July 29, 2010, 4:54 PM — For the retailing industry, the adoption of radio-frequency identification (RFID) technology this decade has been one long, strange journey: Periods of irrational exuberance followed by times of great frustration and confusion; expensive pilot projects riddled with technical, standards-based and cost complexities; and a widespread belief among those retailers or CPG manufacturers that were forced into the RFID universe that it is a technology solution in search of a problem.
No one--not even Wal-Mart, which famously kicked off its crusade toward retail RFID nirvana in 2003--ever said retail RFID projects were going to be easy.
"This isn't Microsoft Office. It's not something you can put on a disk and install," says Dennis Gaughan, a managing VP in Gartner's enterprise software research team. "You're bridging the physical world and bits and all sorts of environmental considerations that impact the efficacy of the technology. There's no cookie cutter approach, like other technology deployments."
But in 2010, all that RFID hype and hard work has finally given way to targeted deployments and pockets of success. Gaughan contends that RFID is quietly making a comeback.
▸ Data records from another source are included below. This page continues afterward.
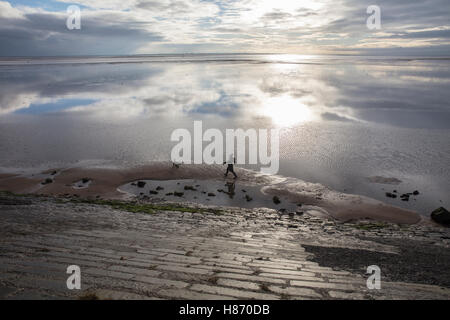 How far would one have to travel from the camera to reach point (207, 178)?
20500 millimetres

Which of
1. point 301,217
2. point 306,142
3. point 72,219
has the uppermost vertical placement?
point 306,142

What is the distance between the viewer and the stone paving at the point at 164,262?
551 centimetres

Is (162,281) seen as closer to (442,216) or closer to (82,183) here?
(442,216)

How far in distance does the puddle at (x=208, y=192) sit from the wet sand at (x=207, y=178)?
0.41 meters

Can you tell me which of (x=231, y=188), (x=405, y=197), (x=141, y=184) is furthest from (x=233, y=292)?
(x=141, y=184)

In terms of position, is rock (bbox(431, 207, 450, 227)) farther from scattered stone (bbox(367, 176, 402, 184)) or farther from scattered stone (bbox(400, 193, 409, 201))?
scattered stone (bbox(367, 176, 402, 184))

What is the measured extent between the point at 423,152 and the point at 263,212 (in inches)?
552

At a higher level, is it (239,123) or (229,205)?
(239,123)

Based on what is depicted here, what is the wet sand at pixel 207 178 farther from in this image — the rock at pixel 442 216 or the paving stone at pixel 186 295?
the paving stone at pixel 186 295

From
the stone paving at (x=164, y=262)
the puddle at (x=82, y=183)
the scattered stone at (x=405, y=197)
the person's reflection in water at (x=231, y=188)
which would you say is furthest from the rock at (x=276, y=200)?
the puddle at (x=82, y=183)

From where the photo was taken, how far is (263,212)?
615 inches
[ Read how RFID lead to Wal-Mart losing its IT edge and how IT departments are using RFID technology to track IT assets ]
First off, price points on tags, hardware, software and RFID expertise have become more palatable. In addition, many of RFID's infamous roadblocks--such as managing wireless signals, resolving back-end IT and supply chain integration problems, and grasping those immutable laws of physics--have been cleared.
And as they've gained greater understanding, retailers have become more precise at formulating business cases in which RFID deployments actually create true business value: making processes more efficient, cutting down on theft of high-value merchandise, and attaining insight into inventory levels never seen before.